Análisis
Tomado de El Espectador
Por: César Rodríguez Garavito
Hace tiempo no llegaba al Congreso un proyecto de ley tan inconveniente, antidemocrático e inconstitucional como el que presentó el ministro de Defensa para castigar con cárcel a quienes salgan a la calle a protestar.
La ley enviaría a prisión por un lapso de tres a cinco años a los inconformes por el solo hecho de obstruir una vía. Además les impondría una multa de 10 a 50 millones de pesos y les negaría beneficios como excarcelación o detención domiciliaria. Ese sería el destino de los estudiantes que salieron por estos días a marchar, los campesinos quebrados que brotaron de la tierra en el paro agrario, los indígenas que están en minga para que el Gobierno cumpla los acuerdos del año pasado, y cualquier ciudadano que se sume a una marcha espontánea.

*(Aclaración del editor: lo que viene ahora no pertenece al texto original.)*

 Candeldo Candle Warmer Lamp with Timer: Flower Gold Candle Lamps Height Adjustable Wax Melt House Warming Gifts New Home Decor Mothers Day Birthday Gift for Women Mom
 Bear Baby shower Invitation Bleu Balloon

No hay que ir más lejos para ver por qué la ley sería tan dañina para la democracia. Además del voto, la movilización colectiva es el canal esencial de participación popular. De hecho, sin protestas no tendríamos democracias. Las barricadas de los revolucionarios franceses no eran nada distinto a los bloqueos de vías que quiere penalizar el ministro de Defensa. Sin las manifestaciones estudiantiles de 1990, no tendríamos la Constitución de 1991. Sin las marchas contra las Farc hace unos años, no tendríamos un consenso ciudadano contra la violencia guerrillera.
La protesta es aún más importante en democracias desiguales como la nuestra. Porque es el único medio de influencia que les queda a los menos poderosos: los que no pueden financiar campañas políticas, tener canales de televisión o pagar abogados que hagan cabildeo en el Congreso.

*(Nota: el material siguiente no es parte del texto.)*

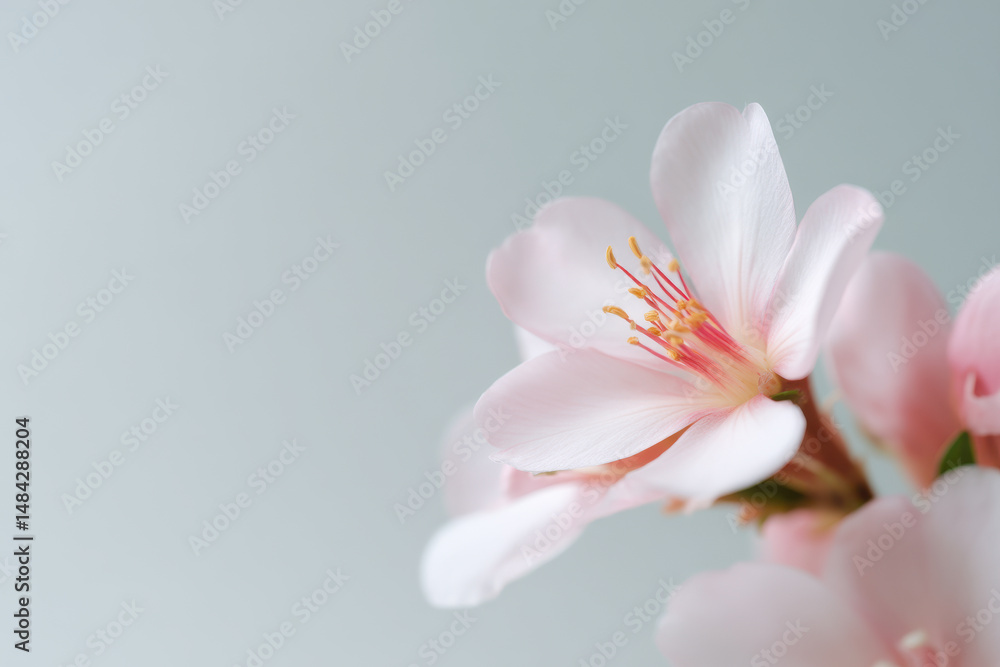 Fototapeta premium closeup of delicate spring flower on soft light background emphasizing its gentle beauty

Por eso las constituciones y los tratados internacionales protegen celosamente el derecho a la protesta y la libertad de expresión que encarna. Por eso también el proyecto de ley de marras es claramente inconstitucional. Para comenzar, el resto del proyecto no tiene nada que ver con protestas, sino con medidas “contra la criminalidad y la financiación del terrorismo”, como la extorsión, el microtráfico y la minería ilegal. El tema de la protesta no está en la exposición de motivos de la ley, lo que sugiere que fue un “mico” añadido a última hora, al calor del paro agrario. Así que es dudoso que cumpla con la unidad de materia que se exige de toda ley.
Tampoco pasaría la prueba del derecho internacional, que exige que cualquier restricción al derecho a la protesta sea “proporcional y estrictamente necesaria”. Por supuesto, el derecho a protestar no es absoluto. Como los demás ciudadanos, los inconformes deben ser penalizados, por ejemplo, si atentan contra la vida o la integridad física de otros. Pero impedir que ocupen las vías públicas equivale a negarles la posibilidad de movilizarse.

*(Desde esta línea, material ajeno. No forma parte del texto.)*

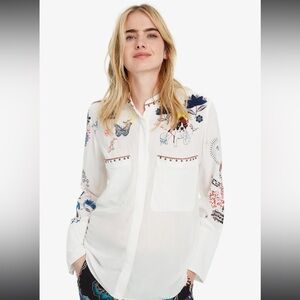Desigual Cam_Xenia blanco Embroidered White Button-Up Shirt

De ahí que la Comisión Interamericana de Derechos Humanos, a través de su Relatoría para la Libertad de Expresión, haya condenado “la existencia de disposiciones penales que convierten en actos criminales la simple participación en una protesta, los cortes de ruta (a cualquier hora y de cualquier tipo) o los actos de desorden que, en sí mismos, no afectan bienes como la vida o la libertad”. Eso explica que la Comisión censure repetidamente a países como Ecuador, que viene encarcelando líderes sociales de oposición con base en una legislación similar sobre “sabotaje y terrorismo”.
Aunque la ley sería una mala idea en cualquier momento, lo es más en medio de negociaciones de paz. Para cerrarle espacio político a la violencia y la guerrilla, hay que hacer todo lo contrario: abrírselo a la protesta pacífica y los movimientos sociales.